Oil made Muskegon a boom town. The local newspaper, the Muskegon Chronicle, reported in November, 1928, an estimated 1,000 people were involved with some phase of the area's new oil industry. That publication reported that about 70 drilling rigs were active in the area, most operating 24 hours a day. It cost from $12,000 to $15,000 to drill a successful well, with dry holes averaging around $10,000 each. Days were long with most shifts lasting 12 hours, but workers' wages were good. Drillers received about $2,600 a year and tool dressers about $2,340 a year in a world where a new car cost $525, a house $7,333 and a loaf of bread 10 cents. The newspaper estimated that oil had led to an investment of about $2 million in the area, with another $1 million in the current drilling operations.
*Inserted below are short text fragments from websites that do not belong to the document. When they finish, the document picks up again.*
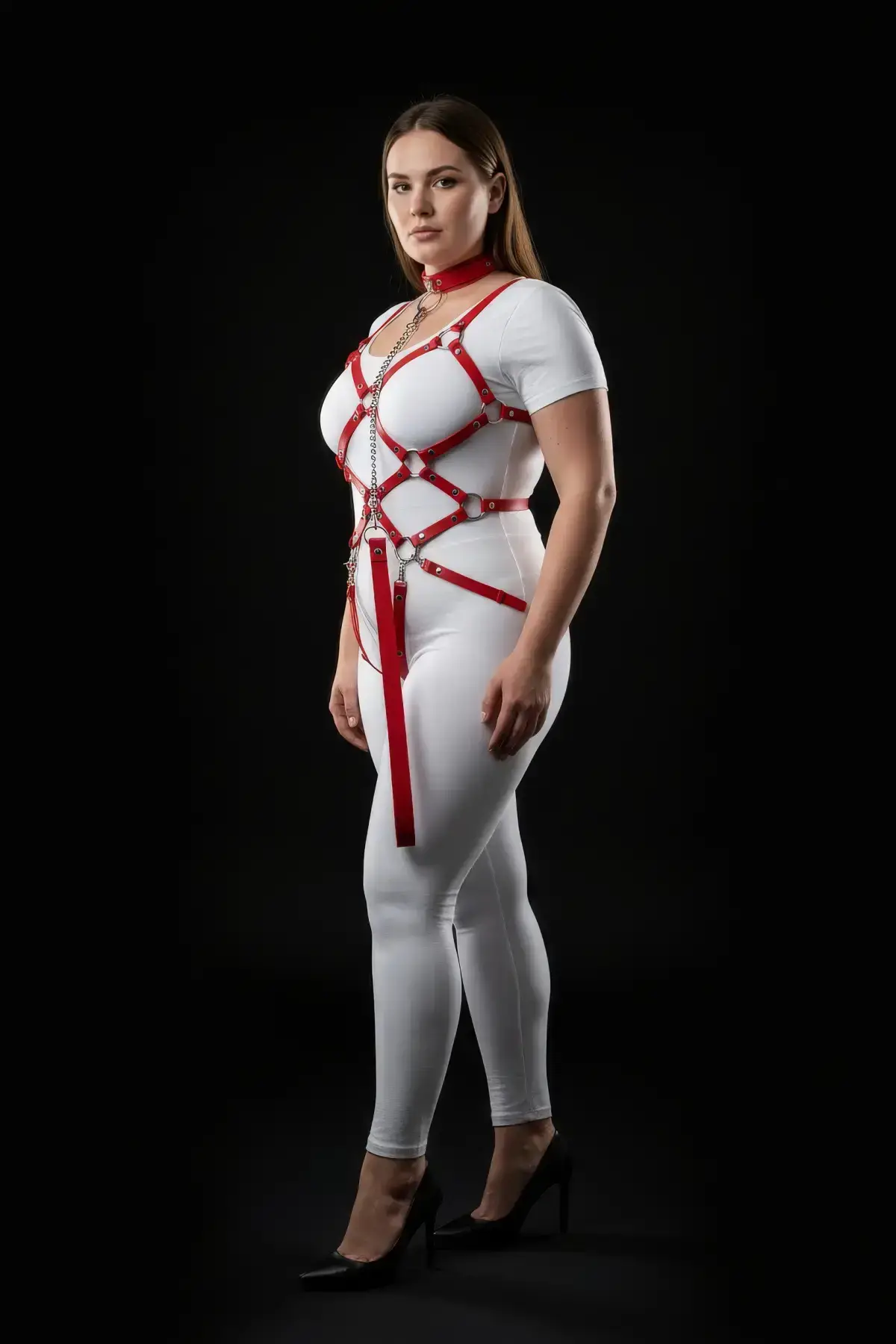 Plus Size Red Women's Leather Harness Set with Chain Detail Fantasy Accessory - SH1350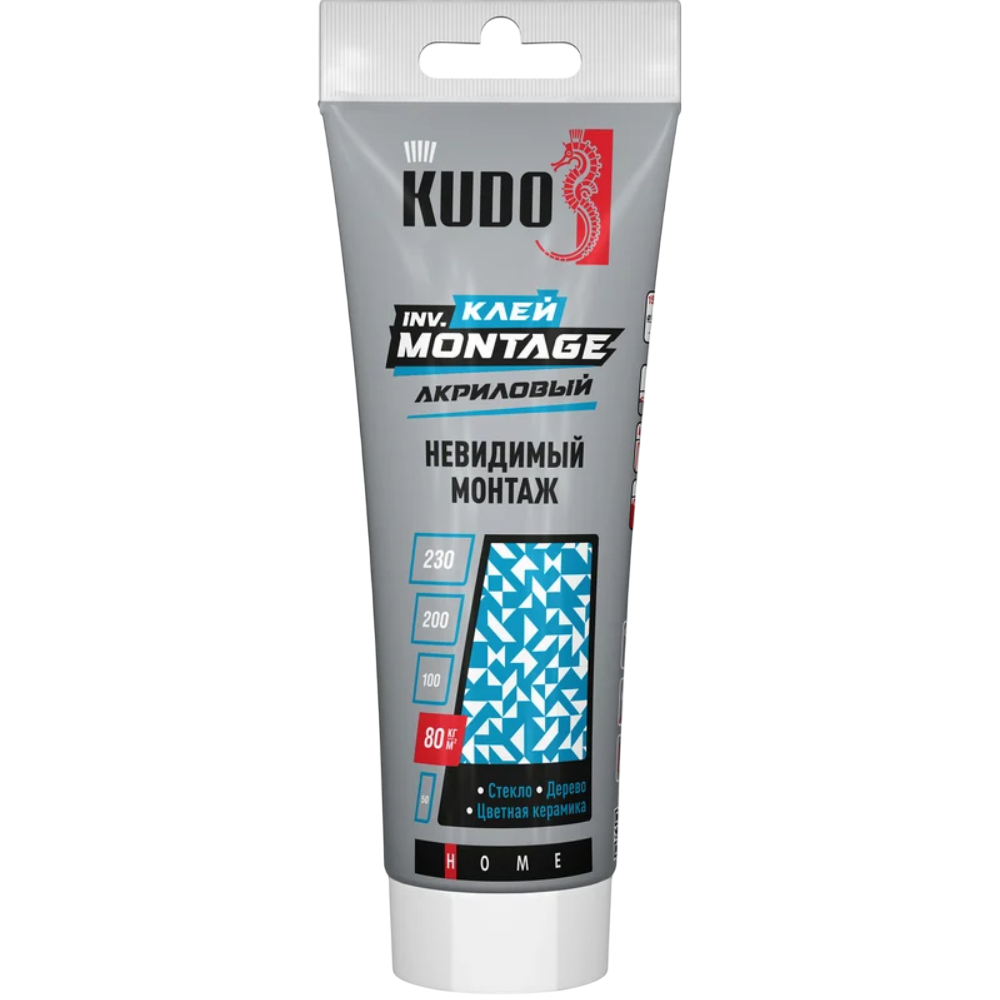 KUDO home invisible мontage Клей для невидимого монтажа прозрачный 200мл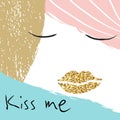 Kiss me creative illustration girl portrait with golden lips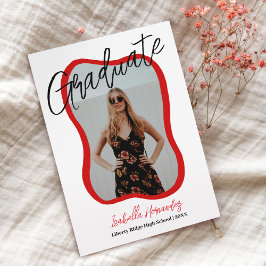 波打ち手書き卒業発表葉書 案内ポストカード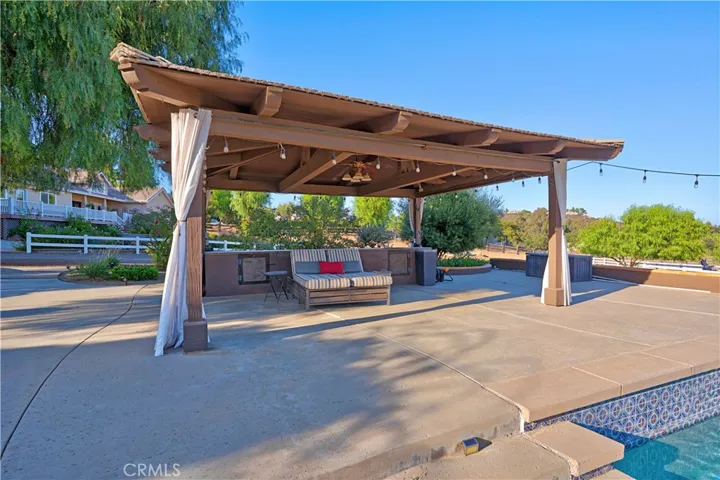 Cabana Area by pool - has utility sink and fan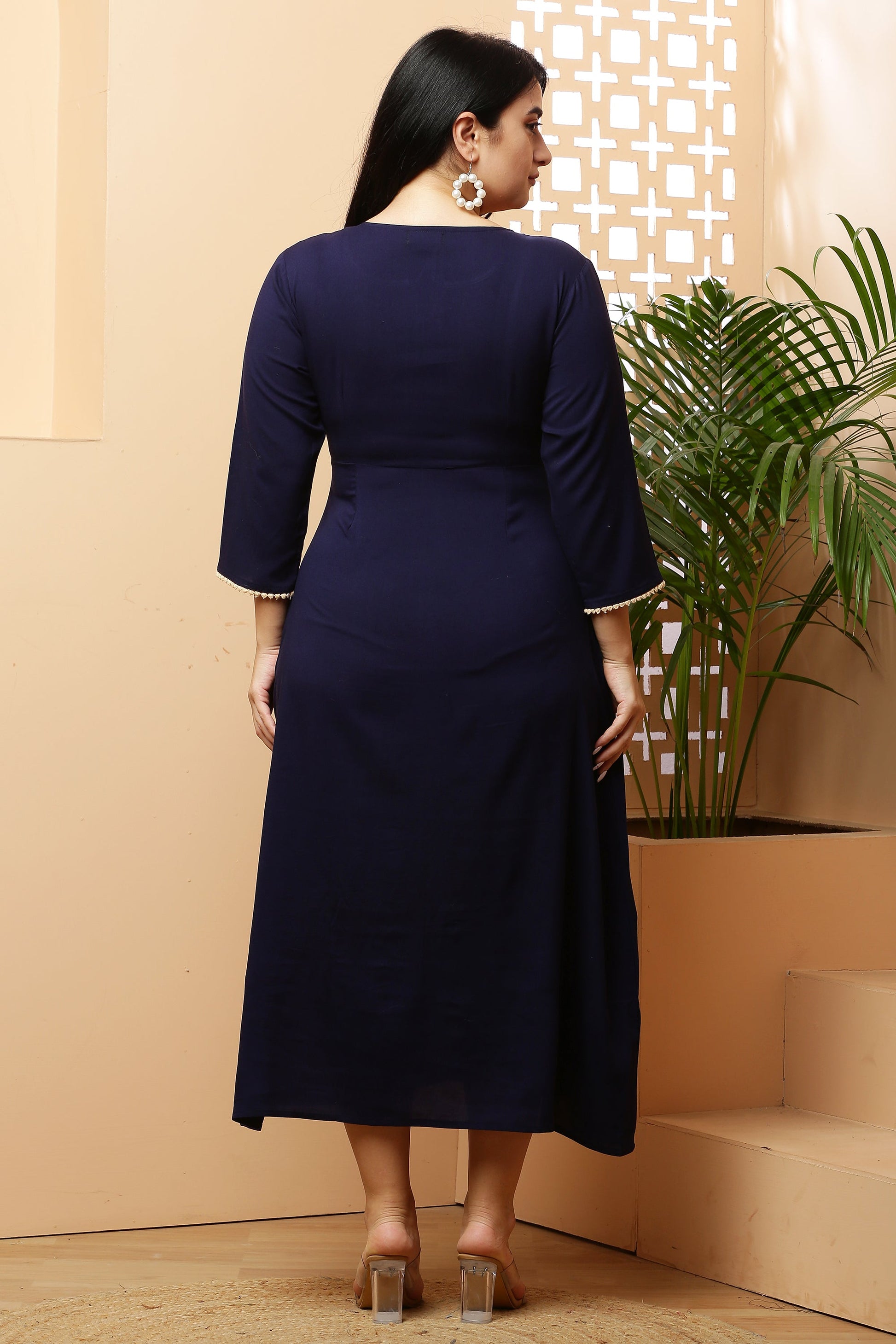 Ankle Length Yoke Embroidery Dress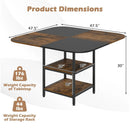 47.5 inch Modern Dining Table Square Kitchen Table with Mix-colored Tabletop by LJGDeals
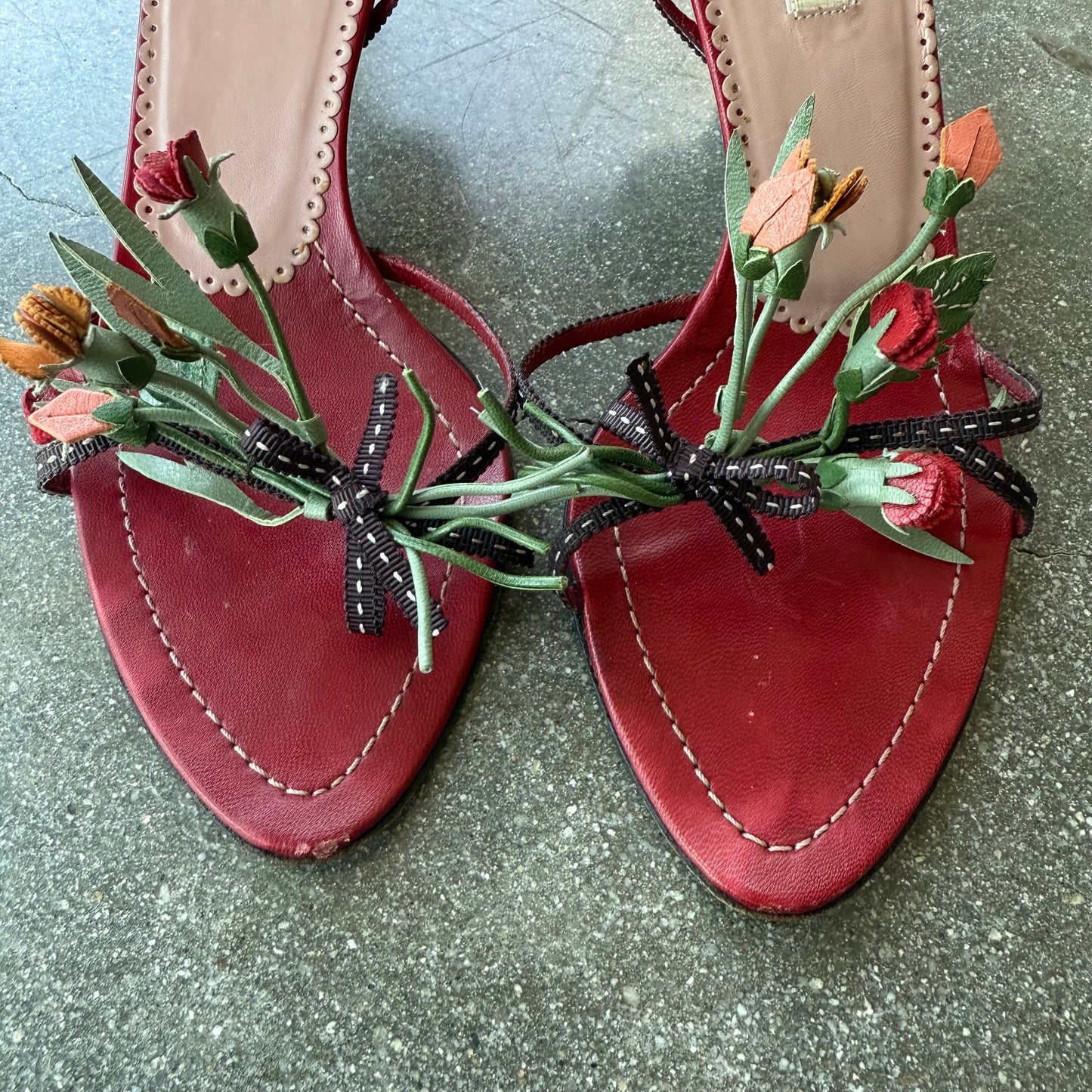 SS03 Red Prada Bouquet Strappy Red Sandals - US 5-5.5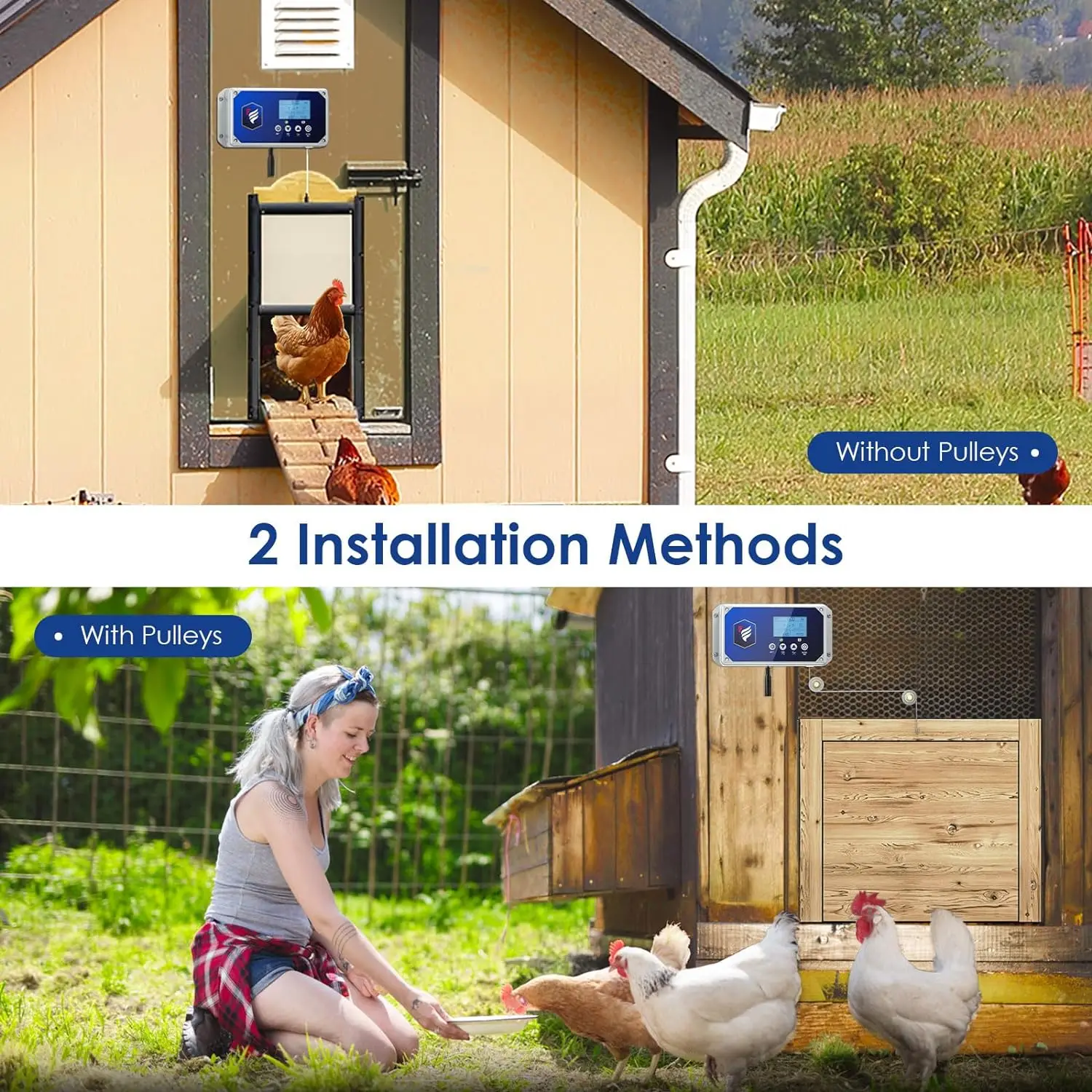 Automatic Chicken Coop Door, Chicken Coop Door Opener Light Sensor Timer, Network or Battery Operated or Solar Powered Max 4kg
Drilling successes and increased competition, also led to a quick jump in the price of leases. A dollar an acre lease rental had been about par before the boom, but after the discovery of oil lease prices soon climbed to $5 an acre. In some cases leases cost $10 to $50 per acre, and one account of $2,500 per acre was rumored.

The Muskegon Field accounted for 347 well completions in 1929 resulting in 264 oil wells, 23 gas wells and 60 dry holes in the field's peak activity, shielding many a Muskegonite from the effects of the Great Depression that began with the October, 1929 stock market collapse. Oil production in the field peaked in 1929 with 3.1 million barrels of oil. Natural gas output peaked in March of 1929 at 428.8 million cubic feet.

Assistant Michigan Supervisor of Wells Robert B. Newcombe's 1932 report stated there had been 629 wells started or completed in the Muskegon Field with 439 completed resulting in 304 Dundee oil wells, 57 Upper Traverse oil wells, 14 Lower Traverse oil wells, 14 Lower Traverse natural gas wells, two Monroe natural gas wells and 64 dry holes. The development had covered about 3,170 acres, which on an estimated 629 dry and productive well completion basis would represent a well density of one well per 5.039 acres, closer in some places.

The final years of the 1920s saw western Michigan oil and gas discoveries and development in places other than the Muskegon Field. Muskegon Development and its three affiliates (Citizens, Lake Shore and Joliet) worked out a deal with Dixie Oil Company to core test 60,000 acres in Ottawa County and later the group core tested and deep drilled in Shelby, Hart, Weare, Pentwater and Benonia Townships of Oceana County.